Dudgeon was in Clegg’s very bearing. ‘He talked through the whole bloody programme!’ he said in his raspy comedian’s voice. ‘It was worse than when the show died on us in Wigan and they all got up and walked out. It makes an old pro like me feel like the missing piece of a jigsaw.’
They climbed into the car and sat stiffly in the rear seat, Clegg muttering to himself about ingratitude, Jones uttering shrill little cries of indignation. Then Jones giggled. ‘In the Welsh, man,’ he chortled. ‘An’ he never noticed.’
It brought Clegg round a little and Morton listened to their chatter, their delight swamping his anger, and it was only as they reached the end of the wadi that he became aware that a vehicle had appeared in his rear mirror. Almost unconsciously, it regis
tered in his mind as a British three-ton Chevrolet. A Chevrolet, he thought. A Chevrolet? Here? Then, out of the corners of his eyes, he saw Chevrolets on either side of him. They had no windscreens, doors or cabs, and carried spare wheels, camouflage nets and sand channels. They also seemed remarkably dusty and were overfull of dirty, bearded men in shorts, shirts and sandals, bristling with guns. With alarm, he realized that the guns were all pointing at him and stopped the Humber in a hurry. Immediately, the trucks on either side stopped, too. The first truck stopped behind him and a fourth, coming up at full speed from nowhere, swung round and slammed to a stop across his front, barring his path. At once men with long matted hair appeared alongside, gesturing with their weapons.

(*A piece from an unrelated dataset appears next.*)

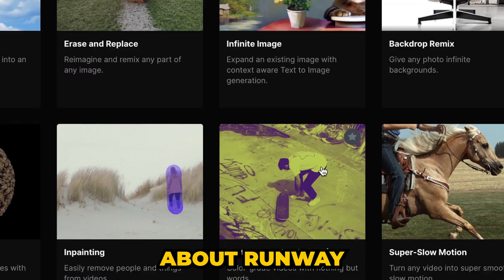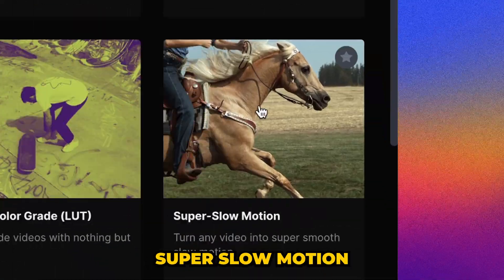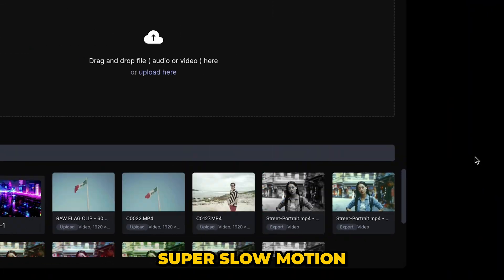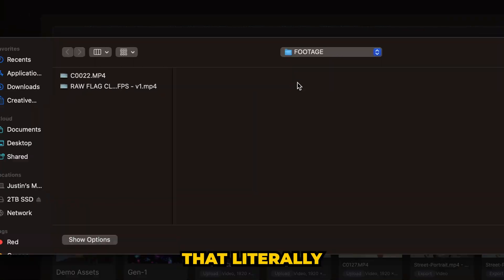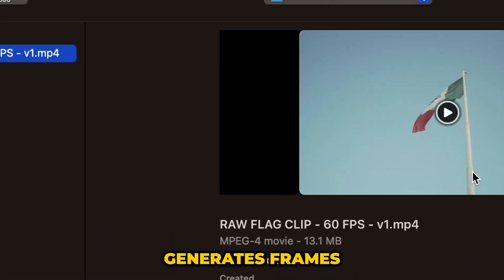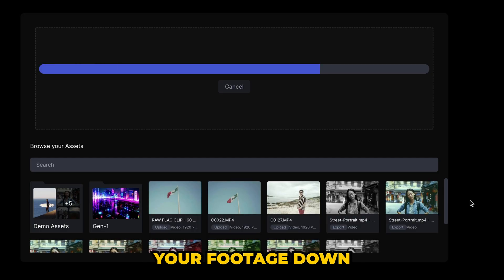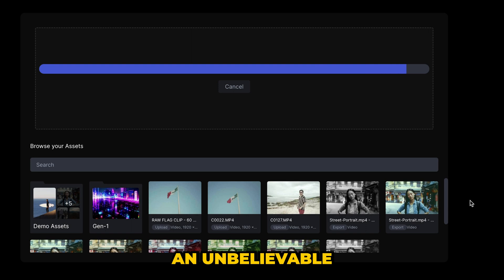Now let me tell you about Runway Super Slow Motion. It's an AI tool that literally generates frames, so you can slow your footage down an unbelievable amount.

‘Mani in alto! Stick ’em up, you Italian bastards!’ The speaker was a man with bleached hair and eyebrows and the three stripes of a sergeant.
Clegg glared, still a little tipsy and aggressive. ‘Who’re you calling an Italian bastard?’ he demanded.

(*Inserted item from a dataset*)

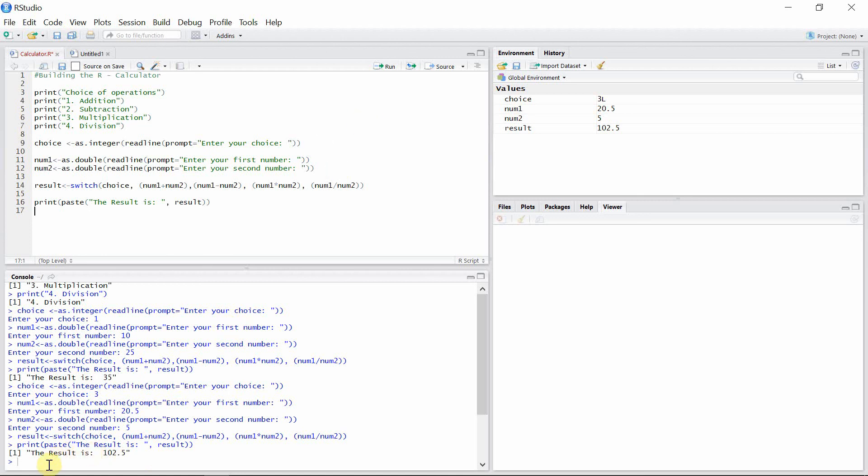So yeah, this is the way to run our calculator in R Studio. Now you can try as much as you like, and even you can try these codes in your R Studio and see whether that works fine with you or not. Well, that's all for today. Thank you very much for watching this video. And if you like this video, don't forget to like and subscribe my channel. Thank you.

‘I said, “Stick ’em up—”’ The sergeant stopped dead. ‘What did you say?’
‘I said, “Who’re you calling an Italian bastard?”’
‘Aren’t you an Italian bastard?’
‘No.’
‘Well, you fucking look like one. Who are you?’

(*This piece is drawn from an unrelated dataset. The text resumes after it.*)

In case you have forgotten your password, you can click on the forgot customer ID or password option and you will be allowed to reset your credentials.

‘Come to that, who’re you?’
‘Who do we look like?’
‘The Long Range Desert Group.’
‘That’s who we are.’
A young officer with a curly yellow beard, eyeballs seared by the sun, wearing a red neckerchief and a peaked hat that looked as if it had been run over by a tank, strolled up. He seemed to be loaded down with weapons but his right hand wielded nothing more dangerous than a blue horsehair fly whisk.